Miguel: Yeah. I noticed Redd Foxx and I don’t remember anybody else in it.

Christina: And they had little wings too.

Miguel: So I’m going to have to go back and watch that too.

Christina: Yeah. And then he was in couple Wu-Tang videos. Of course, he’s in the kung fu fighting scene in “Gravel Pit[7]” because he actually–him and RZA, with their kung fu and he actually practices all that stuff too. But, let’s circle back to Jason’s Lyric.

Miguel: Yeah. Jason’s Lyric. Now this one, when I said that there was some movies where there was a lot going on. Like, in Strapped, even though that was his first film, it didn’t seem like it. It seemed like he was a seasoned veteran. Whereas by the time we get to Jason’s Lyric, there’s a couple of times where it was a little overacting, if you ask me. Cause he played an alcoholic who was troubled. Uh, what was the phrase he was using about the characters that he plays?

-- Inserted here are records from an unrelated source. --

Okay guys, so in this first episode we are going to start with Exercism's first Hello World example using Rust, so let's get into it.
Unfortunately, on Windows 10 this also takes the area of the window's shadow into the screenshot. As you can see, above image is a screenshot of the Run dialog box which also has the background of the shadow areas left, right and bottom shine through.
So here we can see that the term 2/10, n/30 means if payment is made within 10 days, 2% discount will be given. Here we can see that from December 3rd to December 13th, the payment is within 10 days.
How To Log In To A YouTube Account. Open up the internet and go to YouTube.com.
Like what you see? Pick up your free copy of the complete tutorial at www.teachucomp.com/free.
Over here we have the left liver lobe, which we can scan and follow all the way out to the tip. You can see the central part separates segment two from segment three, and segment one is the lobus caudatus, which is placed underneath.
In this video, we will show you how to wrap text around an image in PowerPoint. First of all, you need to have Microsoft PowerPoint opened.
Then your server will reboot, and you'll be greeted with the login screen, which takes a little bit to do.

Christina: Emotionally challenged.

Miguel: Emotionally challenged. So, he plays Joshua, who is emotionally challenged. And there’s a lot of scenes in this movie where, like I said, there could be some overacting happening. And a quick sidebar about this movie. You have all of these people from New York playing Houstoners, or Houstonians, whatever you guys are. I don’t know. I’m not from Texas.

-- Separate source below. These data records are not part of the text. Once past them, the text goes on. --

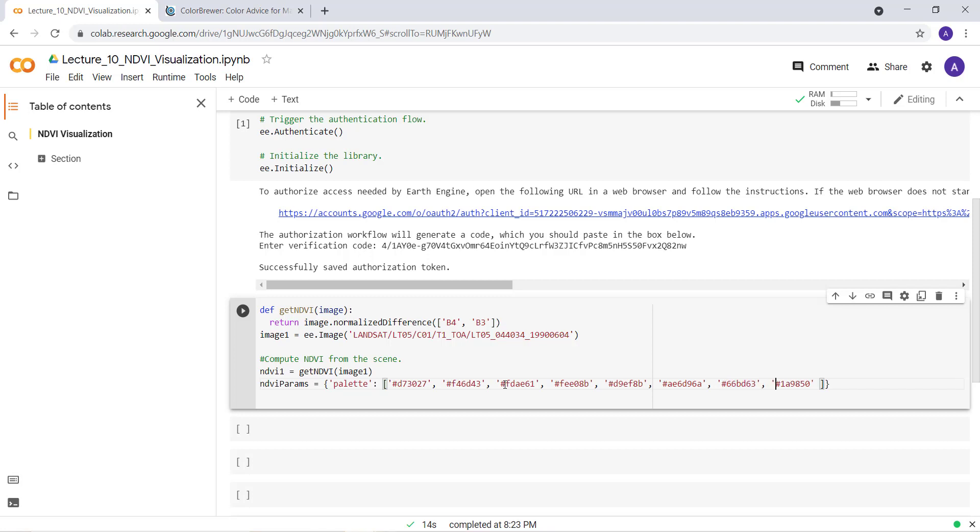I'm done with my visualization parameter.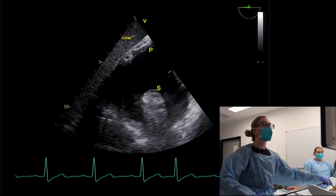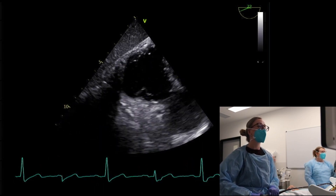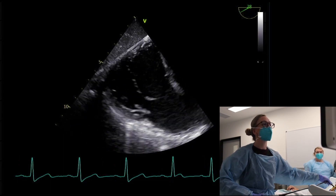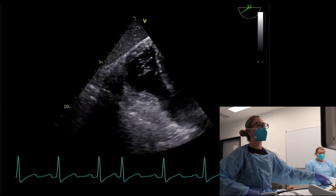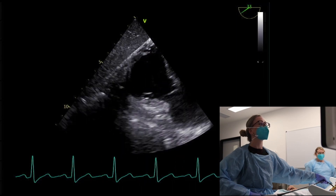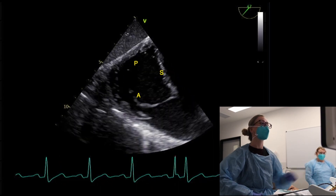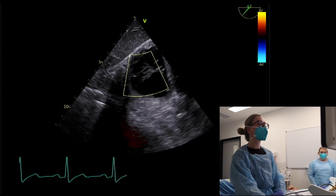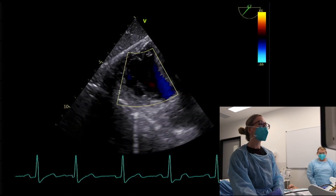We're seeing the septal and probably posterior leaflets of the tricuspid valve. Coming around to 30 to 40 degrees on the omniplane — while slightly rotating to the patient's right — gives the en-face or surgeon's view of the tricuspid valve, where you can see all the leaflets coming together. Popping some color on confirms there's no significant tricuspid regurgitation, consistent with the other views.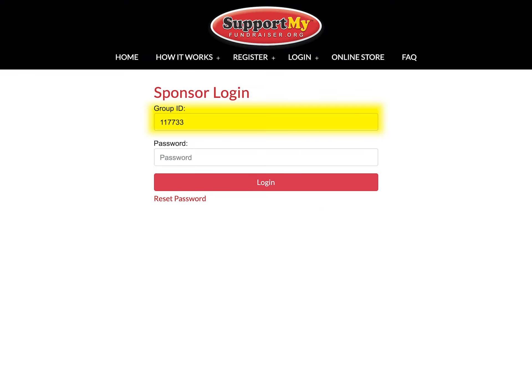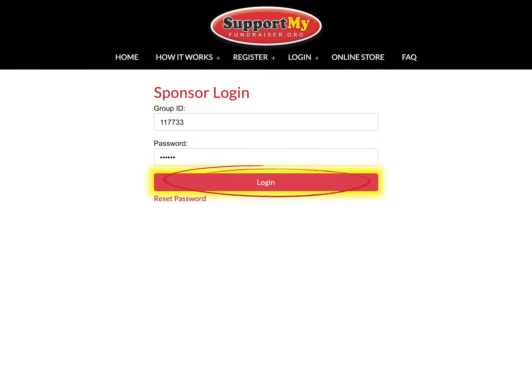Third, enter your group ID and password into the form fields, then click the login button to enter your sponsor dashboard.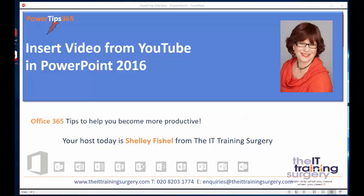Welcome back to PowerTips365 with me, Shennie Fittell. Today I'm going to show you how to insert video from YouTube into your PowerPoint, and I'll be using PowerPoint 2016.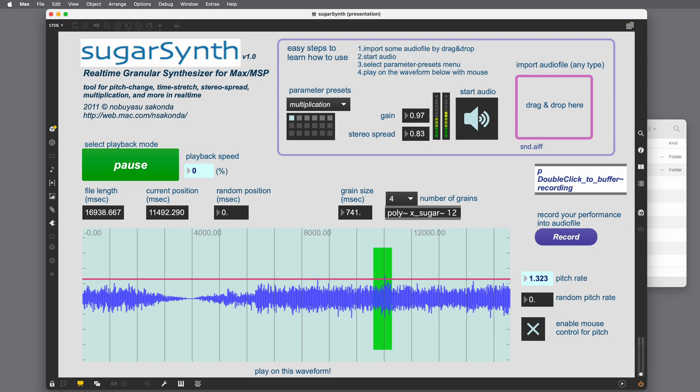There we have it. SugarSynth, how to use a Max patch. Again, whatever types of samples you have around, the results will vary greatly in granular synthesis. But you will, for sure, find something that's interesting. Enjoy SugarSynth. Happy patching!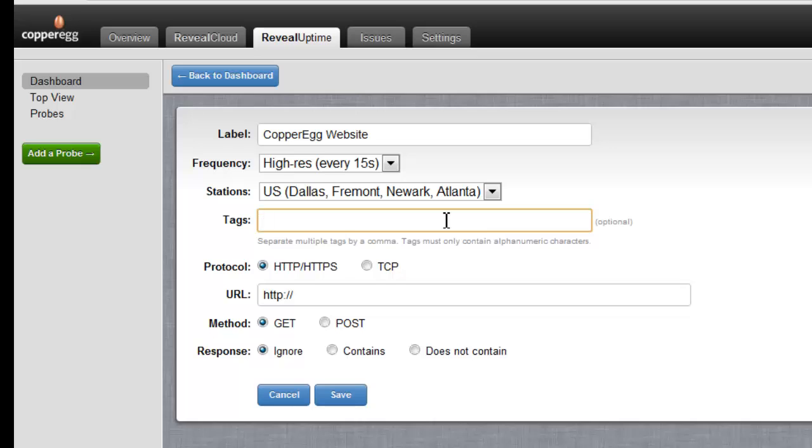I'm going to set a tag called web because I want to correlate this with the server that's actually running this website with Reveal Cloud.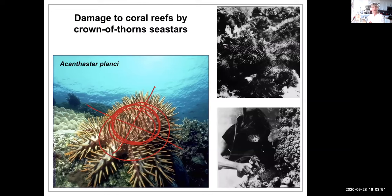That's all I wanted to say about sea stars, and that was the last aquatic invertebrate we're going to talk about. Thank you for watching.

Christina: I think Houstonians. I don’t know.

Miguel: But, the accents are so bad. Especially Treach. His accent is the worst. It’s like, have you ever heard what a person from the south sounds like? Because that’s not it.

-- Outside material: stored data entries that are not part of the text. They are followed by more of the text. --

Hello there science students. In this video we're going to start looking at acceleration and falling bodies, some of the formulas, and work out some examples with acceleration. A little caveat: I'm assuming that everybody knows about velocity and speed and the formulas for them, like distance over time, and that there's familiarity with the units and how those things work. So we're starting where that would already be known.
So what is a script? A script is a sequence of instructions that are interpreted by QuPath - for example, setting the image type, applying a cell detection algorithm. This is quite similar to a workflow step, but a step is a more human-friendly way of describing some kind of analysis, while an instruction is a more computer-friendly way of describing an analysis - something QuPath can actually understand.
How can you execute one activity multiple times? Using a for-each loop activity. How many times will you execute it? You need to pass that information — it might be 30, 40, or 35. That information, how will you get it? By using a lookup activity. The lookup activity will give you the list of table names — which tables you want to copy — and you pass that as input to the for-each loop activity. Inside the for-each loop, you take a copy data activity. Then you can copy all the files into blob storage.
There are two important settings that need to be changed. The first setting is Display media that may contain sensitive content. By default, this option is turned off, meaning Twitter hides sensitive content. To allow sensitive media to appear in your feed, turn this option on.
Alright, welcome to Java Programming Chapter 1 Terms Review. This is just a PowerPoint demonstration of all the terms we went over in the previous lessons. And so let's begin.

Christina: It’s funny because his like, not just the accent, his voice sounds different.

Miguel: Yeah.

Christina: Because when he opened his mouth, I was like, that doesn’t sound like Treach at all.

Miguel: Yeah. The only one who sounds like they have a legit Southern accent is Eddie Griffin. That’s it. The rest of them, it’s like where are you people from? Really?

Christina: New York. Or New Jersey or something like that.

Miguel: Yeah. East coast.

Christina: Actually, is Jada Pinkett is from L.A.?

Miguel: Uh, no, she’s from somewhere in the east, too.

Christina: Oh.

Miguel: I think she’s from Baltimore. ’Cause that’s where her and Tupac met, like in high school.

Christina: Oh, and then they end up in L.A., both end up in L.A.?

Miguel: Yeah.

Christina: Interesting.

Miguel: But anyway, back to Jason’s Lyric, he plays a trouble character who’s in and out of jail. He lives with his mom and his brother and ironically Forest Whitaker’s in this movie as well, playing his father. He has a small role at the beginning and–

Christina: But pivotal.

Miguel: Yes, a very pivotal role in this movie and basically sets his life on a path of destruction.

Christina: Yeah. I think the casting for the kid version–

Miguel: Oh, it was perfect.

Christina: —of him was so good. ’Cause there’s a part where, the kid kind of, like, he’s upset. So he clenches his fists and his face is cliched up too. So, now when I see Bokeem make that face…

Miguel: He does it.

Christina: I think of the kid.

Miguel: He makes that face and he walks with his hands clenched like that, and like, his butt cheeks are real tight. So, this kid was able to do that too.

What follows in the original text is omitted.